The Idiot, Batuman - I first came to Batuman's writing through her essay collection on Russian literature, The Possessed. Her essays were remarkably funny and full of anecdotes that you cannot find on Wikipedia—genuinely, if you are a writer and in the habit of googling as you read, you will find this increasingly rare. On top of that, she's willing to take slightly outre positions—famously, I think, she wrote an essay proposing Tolstoy died from poison at his home—and argue them without seeming like a smug contrarian…
Flipping through The Possessed again, I'm like, these are great literary essays! Light touch, deep reading, tons of primary and secondary sources, and exciting adventures to go to libraries and universities. You read her essays and come away thinking, "Wow! Being a comparative literature PhD sounds amazing! You get to do so much and learn so much! You can explore so many different topics, even if you have to go to conferences for them, too. But the conferences don't sound too bad? She's having a great time! I wish I could get this much information out of going to Russia." Learning and reading itself is really fun, full of surprises, and even the research avenues that go nowhere still reveal something exciting for the reader… unfortunately, getting a PhD does require you to get a PhD.
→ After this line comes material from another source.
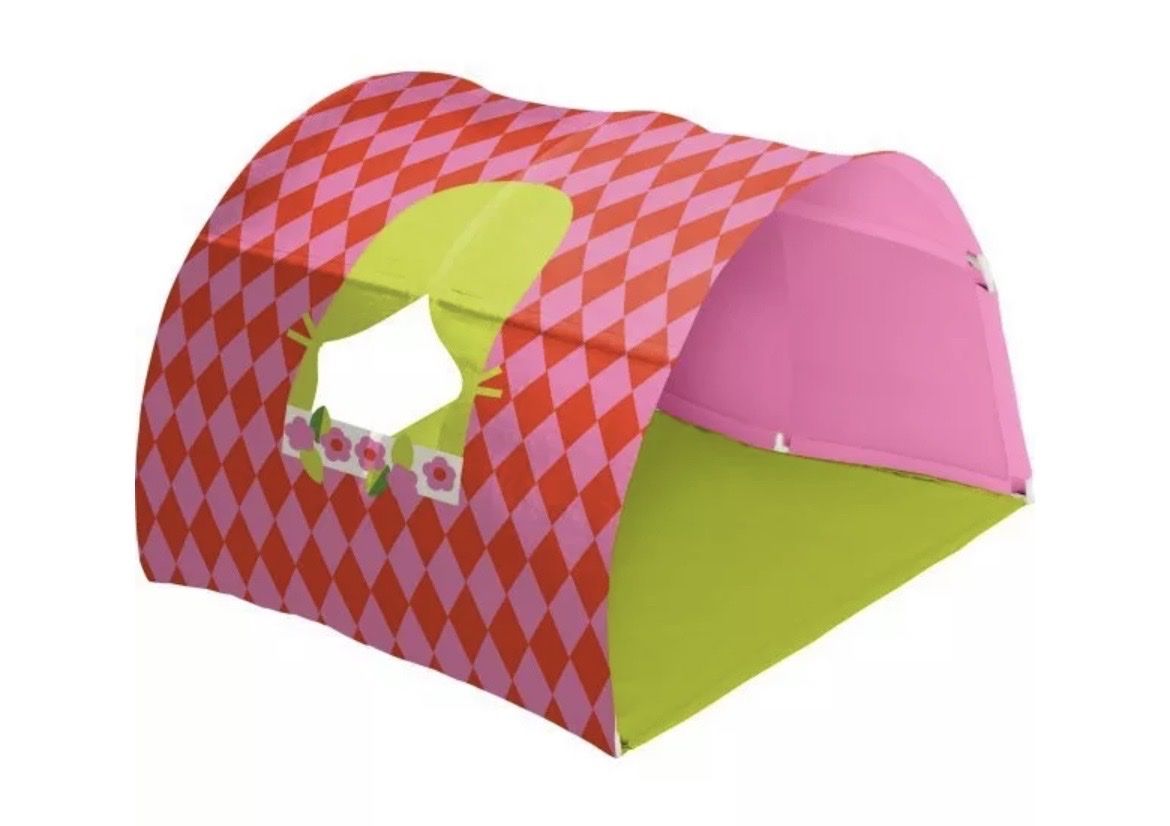 Flexa Alri letti & mobili per bambini: Flexa Classic Höhle mit Steppdecke Motiv Princess – Usato da Zürich venduto da Azzurro6 2
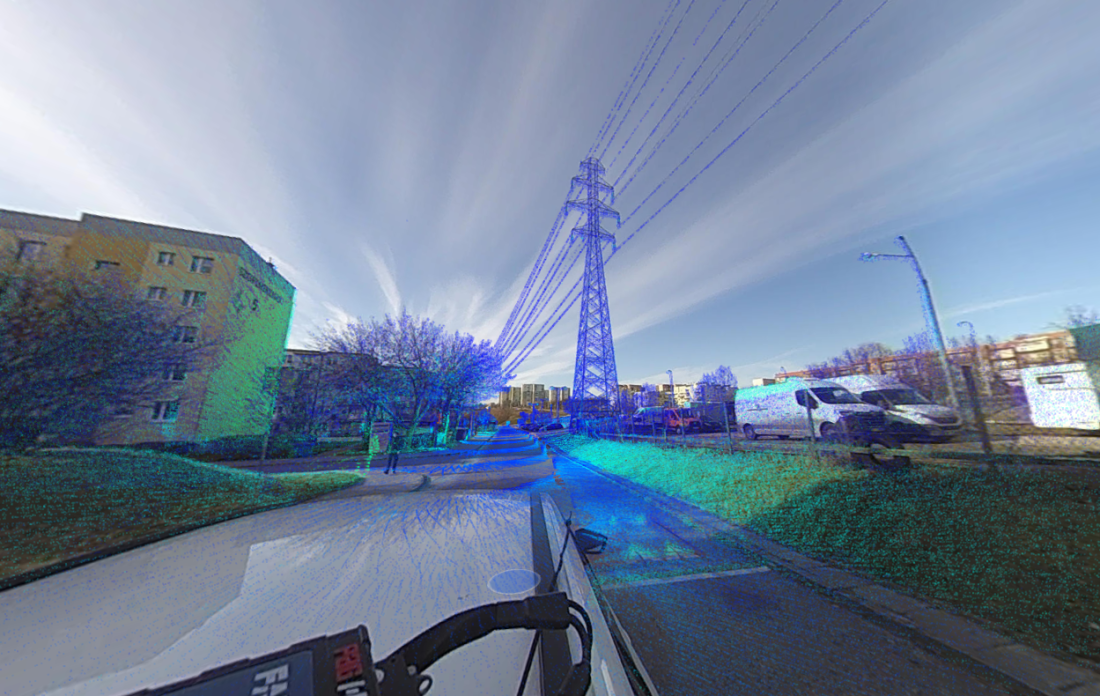 Мобільний 3D-сканер Faro Orbis – використання сканера, встановленого на транспортному засобі, для планування маршрутів перевезень негабаритних вантажів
Batuman's novel is about Selin, a freshman in Harvard, who starts the novel wanting to be a writer. The premise of this does not fill most readers with excitement ("Ugh, a writer??? Harvard???"), but I think it's a lot of fun… One of the voyeuristic pleasures of the novel is Selin's encounters with her new environment—that's to say, we open with Selin getting her first e-mail account, then attending various orientations, then going to the bank, and so on. As Batuman notes, in the decades it took her to write the novel, it's become something of a historical artifact.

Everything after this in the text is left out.